This topic describes how to create a MySQL source connector and use DataWorks to synchronize data from ApsaraDB RDS for MySQL to topics in your ApsaraMQ for Kafka instance.
Prerequisites
- The connector feature is enabled for your ApsaraMQ for Kafka instance. For more information, see Enable the connector feature. Important Make sure that your ApsaraMQ for Kafka instance is deployed in the China (Shenzhen), China (Chengdu), China (Beijing), China (Zhangjiakou), China (Hangzhou), China (Shanghai), or Singapore region.
- An ApsaraDB RDS for MySQL instance is created. For information about how to create an ApsaraDB RDS for MySQL instance, see Create an ApsaraDB RDS for MySQL instance.

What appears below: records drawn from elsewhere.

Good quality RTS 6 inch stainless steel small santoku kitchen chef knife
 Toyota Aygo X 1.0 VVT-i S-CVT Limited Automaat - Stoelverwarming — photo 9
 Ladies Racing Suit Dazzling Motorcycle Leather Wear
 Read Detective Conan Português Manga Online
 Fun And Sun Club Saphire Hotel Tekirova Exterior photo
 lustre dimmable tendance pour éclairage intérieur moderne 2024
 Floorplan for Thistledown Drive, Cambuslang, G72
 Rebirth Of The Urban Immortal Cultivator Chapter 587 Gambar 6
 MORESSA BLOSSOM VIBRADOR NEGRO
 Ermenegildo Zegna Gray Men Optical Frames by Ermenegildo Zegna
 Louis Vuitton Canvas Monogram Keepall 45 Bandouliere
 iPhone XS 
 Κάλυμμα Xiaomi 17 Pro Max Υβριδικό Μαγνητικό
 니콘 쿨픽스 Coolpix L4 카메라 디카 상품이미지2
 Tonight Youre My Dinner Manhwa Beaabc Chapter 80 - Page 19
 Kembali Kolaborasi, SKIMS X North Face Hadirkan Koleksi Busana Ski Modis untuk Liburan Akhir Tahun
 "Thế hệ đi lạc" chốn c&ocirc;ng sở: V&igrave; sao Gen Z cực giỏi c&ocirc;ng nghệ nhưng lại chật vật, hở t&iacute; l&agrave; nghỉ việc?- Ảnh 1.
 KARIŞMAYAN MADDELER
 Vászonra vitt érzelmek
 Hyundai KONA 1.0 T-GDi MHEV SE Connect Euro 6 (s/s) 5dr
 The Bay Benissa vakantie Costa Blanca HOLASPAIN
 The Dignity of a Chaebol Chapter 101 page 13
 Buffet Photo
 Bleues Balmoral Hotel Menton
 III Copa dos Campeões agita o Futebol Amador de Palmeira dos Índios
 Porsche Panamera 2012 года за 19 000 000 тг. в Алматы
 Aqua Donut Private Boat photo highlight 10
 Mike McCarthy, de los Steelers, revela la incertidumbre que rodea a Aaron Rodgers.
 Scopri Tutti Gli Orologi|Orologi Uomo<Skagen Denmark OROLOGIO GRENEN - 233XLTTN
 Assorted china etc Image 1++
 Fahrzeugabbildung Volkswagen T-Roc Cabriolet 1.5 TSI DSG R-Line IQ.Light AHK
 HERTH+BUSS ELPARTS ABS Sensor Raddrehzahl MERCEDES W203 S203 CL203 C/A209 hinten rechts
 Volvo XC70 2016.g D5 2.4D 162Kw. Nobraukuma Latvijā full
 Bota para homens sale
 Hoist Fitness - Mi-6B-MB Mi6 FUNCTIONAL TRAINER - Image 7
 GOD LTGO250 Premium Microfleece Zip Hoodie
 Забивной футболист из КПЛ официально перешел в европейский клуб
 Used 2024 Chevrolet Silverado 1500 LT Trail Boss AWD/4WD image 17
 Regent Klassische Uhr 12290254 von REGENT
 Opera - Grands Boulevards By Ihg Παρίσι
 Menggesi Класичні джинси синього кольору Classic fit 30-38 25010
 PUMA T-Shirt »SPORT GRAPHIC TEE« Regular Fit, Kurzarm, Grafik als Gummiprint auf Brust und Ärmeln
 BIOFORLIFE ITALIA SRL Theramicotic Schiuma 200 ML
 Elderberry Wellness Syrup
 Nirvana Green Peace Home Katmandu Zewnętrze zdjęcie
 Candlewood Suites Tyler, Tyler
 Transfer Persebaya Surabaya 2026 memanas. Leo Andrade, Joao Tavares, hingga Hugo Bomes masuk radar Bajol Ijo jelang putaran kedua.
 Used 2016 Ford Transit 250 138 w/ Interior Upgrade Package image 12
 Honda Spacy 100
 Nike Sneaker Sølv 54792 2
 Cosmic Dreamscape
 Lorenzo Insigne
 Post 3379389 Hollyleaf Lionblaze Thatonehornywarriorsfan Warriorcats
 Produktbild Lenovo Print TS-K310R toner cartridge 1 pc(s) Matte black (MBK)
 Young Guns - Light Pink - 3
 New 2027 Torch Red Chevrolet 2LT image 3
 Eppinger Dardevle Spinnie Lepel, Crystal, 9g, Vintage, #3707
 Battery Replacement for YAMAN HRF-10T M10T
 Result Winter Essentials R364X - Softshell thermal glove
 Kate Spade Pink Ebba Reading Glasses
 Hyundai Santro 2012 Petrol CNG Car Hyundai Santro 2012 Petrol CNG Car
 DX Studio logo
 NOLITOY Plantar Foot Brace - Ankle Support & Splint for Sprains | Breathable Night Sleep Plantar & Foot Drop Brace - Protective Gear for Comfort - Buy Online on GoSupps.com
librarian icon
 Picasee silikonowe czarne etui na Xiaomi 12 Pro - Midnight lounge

- A database and a database account are created in the ApsaraDB RDS for MySQL instance. For information about how to create a database and a database account, see Create databases and accounts for an ApsaraDB RDS for MySQL instance.
- A table is created in the database. For information about the common SQL statements that are used in ApsaraDB RDS for MySQL, see Commonly used SQL statements for MySQL.
- DataWorks is authorized to access your elastic network interfaces (ENIs) regardless of whether you use an Alibaba Cloud account or a Resource Access Management (RAM) user. To grant permissions to an account, go to the Cloud Resource Access Authorization page. Important If you use a RAM user, make sure that the RAM user is granted the following permissions:
- AliyunDataWorksFullAccess: the permissions to manage all DataWorks resources within the Alibaba Cloud account.
- AliyunBSSOrderAccess: the permissions to purchase Alibaba Cloud services.
For information about how to attach policies to RAM users, see Step 2: Grant permissions to RAM users.
- Both the data source and the data destination are created by using your account. The data source is an ApsaraDB RDS for MySQL instance. The data destination is your ApsaraMQ for Kafka instance.
- The CIDR block of the virtual private cloud (VPC) where the ApsaraDB RDS for MySQL instance resides and the CIDR block of the VPC where the ApsaraMQ for Kafka instance resides do not overlap. If the CIDR blocks overlap, a MySQL source connector cannot be created in Message Queue for Apache Kafka.
Background information
You can create a MySQL source connector in the ApsaraMQ for Kafka console to synchronize data from tables in your ApsaraDB RDS for MySQL instance to topics in your ApsaraMQ for Kafka instance. The connector is created and run by using DataWorks, as shown in the following figure.After a MySQL source connector is created in the ApsaraMQ for Kafka console, DataWorks Basic Edition is automatically activated free of charge. DataWorks Basic Edition creates DataWorks workspaces and exclusive resource groups for data integration. The DataWorks workspaces are free of charge, and exclusive resource groups are paid services. The specifications of an exclusive resource group for data integration are 4 vCPUs and 8 GB memory. Resource groups support monthly subscriptions. By default, an exclusive resource group for data integration is automatically renewed upon expiration. For more information about the billing of DataWorks, see Overview.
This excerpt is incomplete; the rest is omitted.